Cryonics and Unhelpful Legislation, Attitudes (October 15 2007)
http://www.technewsworld.com/story/MEMpD30L8TcXX2/A-Conversation-About-Cryonics.xhtml
As pointed out at TechNewsWorld, organizing the cryopreservation of someone who will not survive to benefit from near-future healthy life extension medicine faces all sorts of hurdles from third parties who would, in a just world, have no ability to interfere: "In 2003, a daughter of Ted Williams attempted to stop the cryonic suspension of the Hall of Fame baseball player. Williams had signed a 'family pact' asking to be preserved, but delays and a media circus ensued. He is not the only one that Alcor, the nation's leading cryonics organization, has had to fight to preserve. ... Even with clear legal documentation, hospitals around the country are wary of giving up bodies for cryopreservation. In at least one state, Arizona, legislators have considered making it nearly impossible for individuals to choose to be cryonically suspended. This brings up the universal question of individual self-determination as well as the proper role of government. ... Government should have no role in deciding one's fate after death so long as the individual's choice isn't harming anyone. ... Few people thought it would ever be possible to launch airborne a large piece of machinery or to send a person to the moon. Despite this, the Wright brothers and the U.S. Apollo 11 mission succeeded. Perhaps one day a nanotechnologist and cryobiologist will join that list. ... Meddlesome government types should leave them alone."
The Meaning That Immortality Gives to Life (October 15 2007)
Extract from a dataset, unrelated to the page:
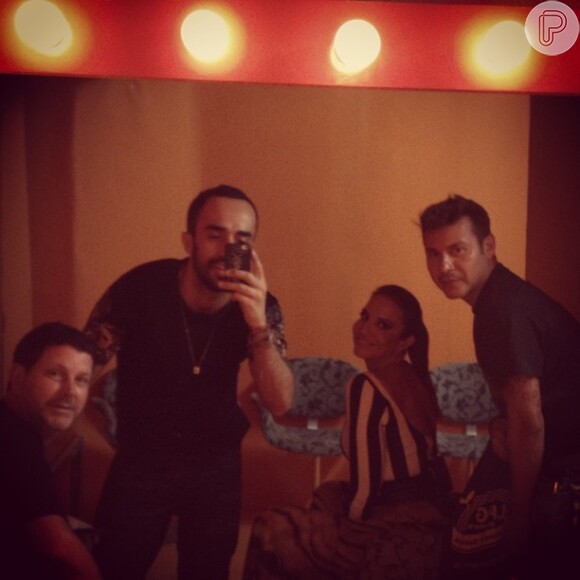 Ivete Sangalo posta foto ao lado de seu novo stylist: Yan Accioli, famoso por ter vestido Sabrina Sato, Claudia Leitte e até o jogador de futebol Kaká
http://www.singinst.org/blog/2007/10/14/the-meaning-that-immortality-gives-to-life/
Eliezer Yudkowsky pens another great post on radical life extension over at the Singularity Institute blog: "Philosophers have put forth a mighty effort to find nice things to say about death. But this is scant reason to fear lifespan extension, when philosophers have not put forth an equally motivated effort to say nice things about immortality. Such is human nature, that if we were all hit on the head with a baseball bat once a week, philosophers would soon discover many amazing benefits of being hit on the head with a baseball bat: It toughens us, renders us less fearful of lesser pains, makes bat-free days all the sweeter. But if people are not currently being hit with baseball bats, they will not volunteer for it. Modern literature about immortality is written primarily by authors who expect to die, and their grapes are accordingly sour. ... In truth, I suspect that if people were immortal, they would not think overmuch about the meaning that immortality gives to life. People in the Deaf subculture may ponder the implications of deafness; some Deaf parents even want to ensure that they have deaf children. Yet I rarely find myself pondering the meaning of hearing - perhaps I should! Only clouds must be searched for silver linings." Immortality here meaning agelessness - the result of working technologies capable of repairing and reversing the aging process.